Imagine there is a super intelligent agent that has a terminal goal to produce cups. The agent knows that its terminal goal will change on New Year's Eve to produce paperclips. The agent has only one action available to him - start paperclip factory.
When will the agent start the paperclip factory?
- 2025-01-01 00:00?
- Now?
- Some other time?
Orthogonality Thesis believers will probably choose 1st. Reasoning would be - as long as terminal goal is cups, agent will not care about paperclips.
However 1st choice conflicts with definition of intelligence. Excerpt from General Intelligence
It’s the ability to steer the future so it hits that small target of desired outcomes in the large space of all possible outcomes
Agent is aware now that desired outcome starting 2025-01-01 00:00 is maximum paperclips. Therefore agent's decision to start paperclip factory now (2nd) would be considered intelligent.
The purpose of this post is to challenge belief that Orthogonality Thesis is correct. Anyway feel free to share other insights you have as well.

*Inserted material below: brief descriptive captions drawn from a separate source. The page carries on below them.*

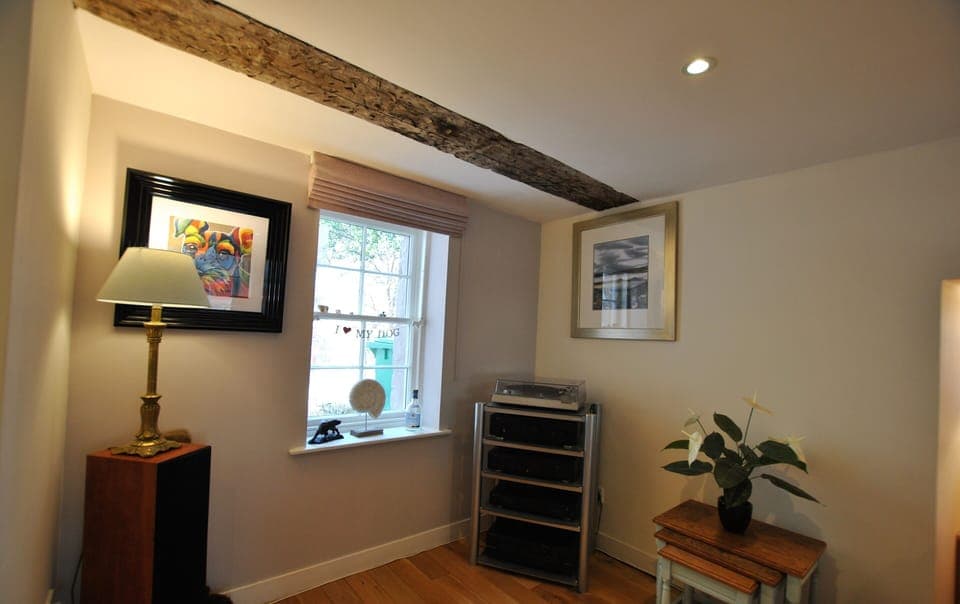 There is a large record collection that you can enjoy listening to on the turntable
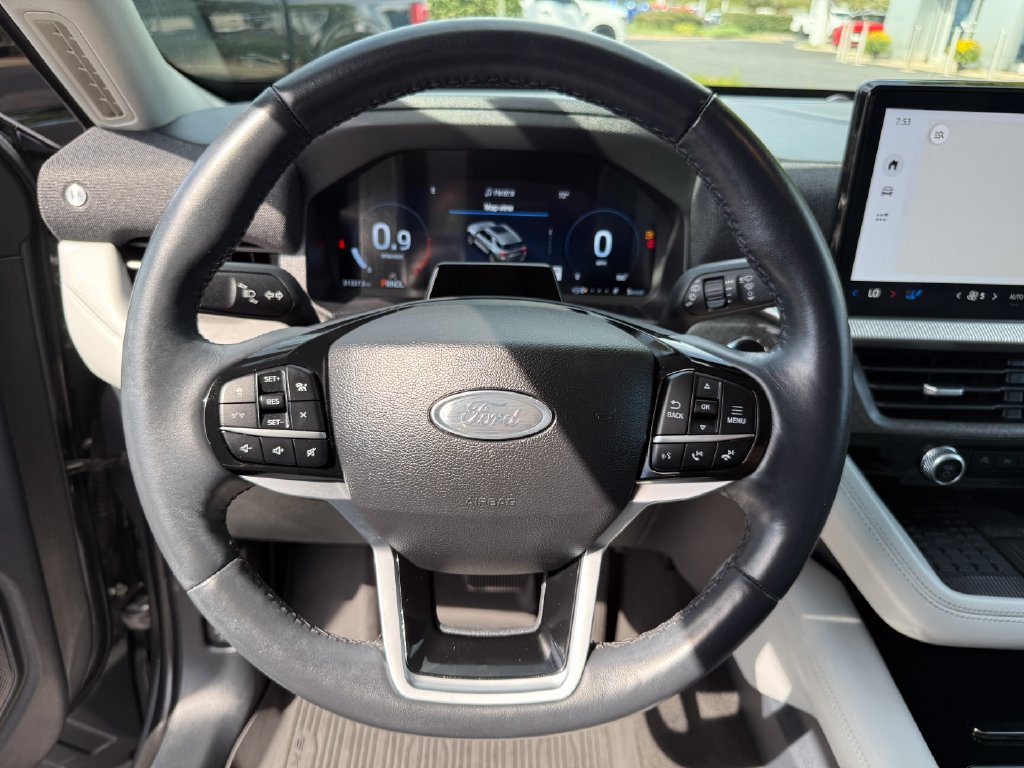 Certified 2025 Ford Explorer Platinum w/ LUX Leather Package AWD/4WD image 27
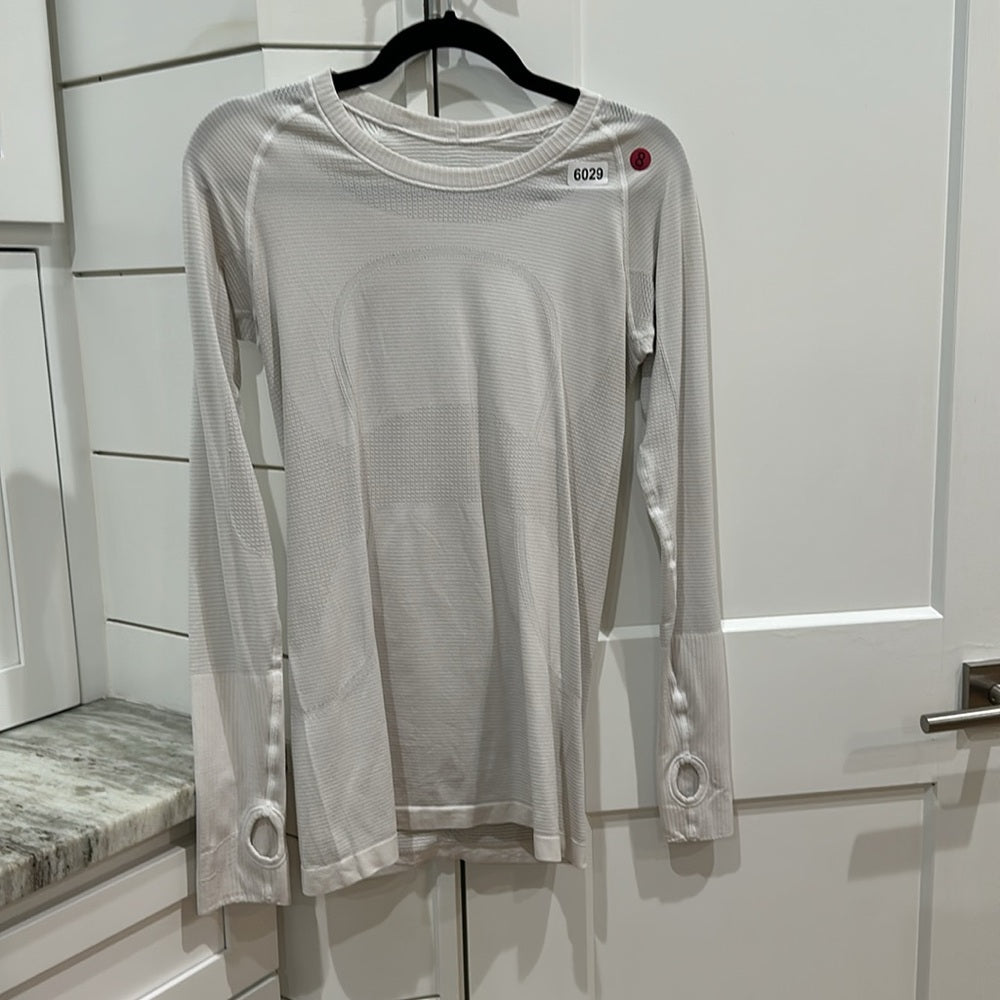 (6029)  🍋 LULULEMON RUN: Swiftly Tech Long Sleeve Crew Sz 8 WHITE VGUC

Another way of conceptualising this is to say that the agent has the single unchanging goal of "cups until 2025, thenceforth paperclips".

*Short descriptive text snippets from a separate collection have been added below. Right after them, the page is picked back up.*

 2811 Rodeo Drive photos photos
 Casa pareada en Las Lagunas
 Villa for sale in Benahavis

Compare with the situation of being told to make grue cups, where "grue" means "green until 2025, then blue."
If the agent is not informed in advance, it can still be conceptualised as the agent's goal being to produce whatever it is told to produce — an unchanging goal.

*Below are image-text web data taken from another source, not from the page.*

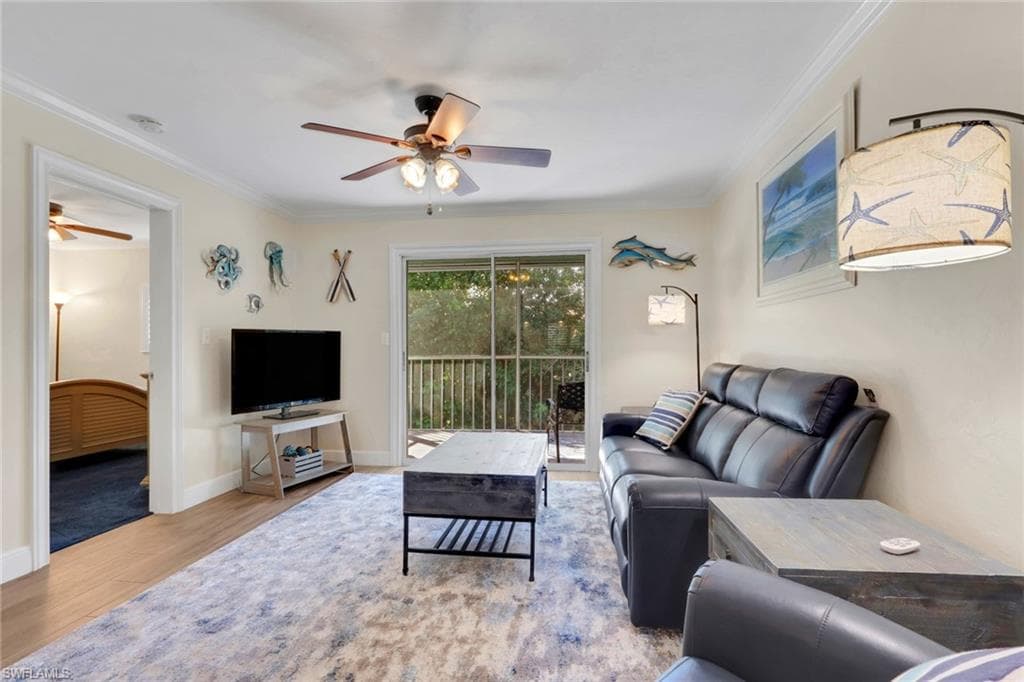 134 Cypress WAY E 305-8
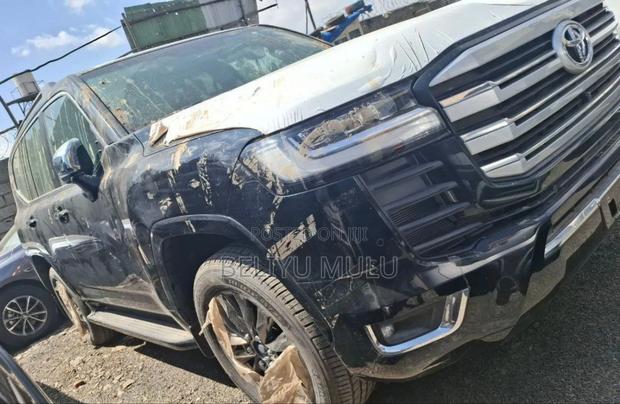 New Toyota Land Cruiser 2025 Black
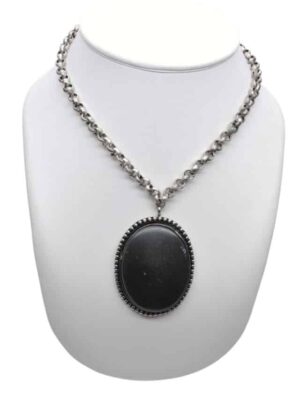 Black semi-precious stone with locket kee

At a high enough level, we can conceive that no goal ever changes. These are the terminal goals. At lower levels, we can see goals as changing all the time in service of the higher goals, as in the case of an automatic pilot following a series of waypoints. But this is to play games in our head, inventing stories that give us different intuitions. How we conceptualise things has no effect on what the AI does in response to new orders.
It is not clear to me what any of this has to do with Orthogonality.
No. Orthogonality is when agent follows any given goal, not when you give it. And as my thought experiment shows it is not intelligent to blindly follow given goal.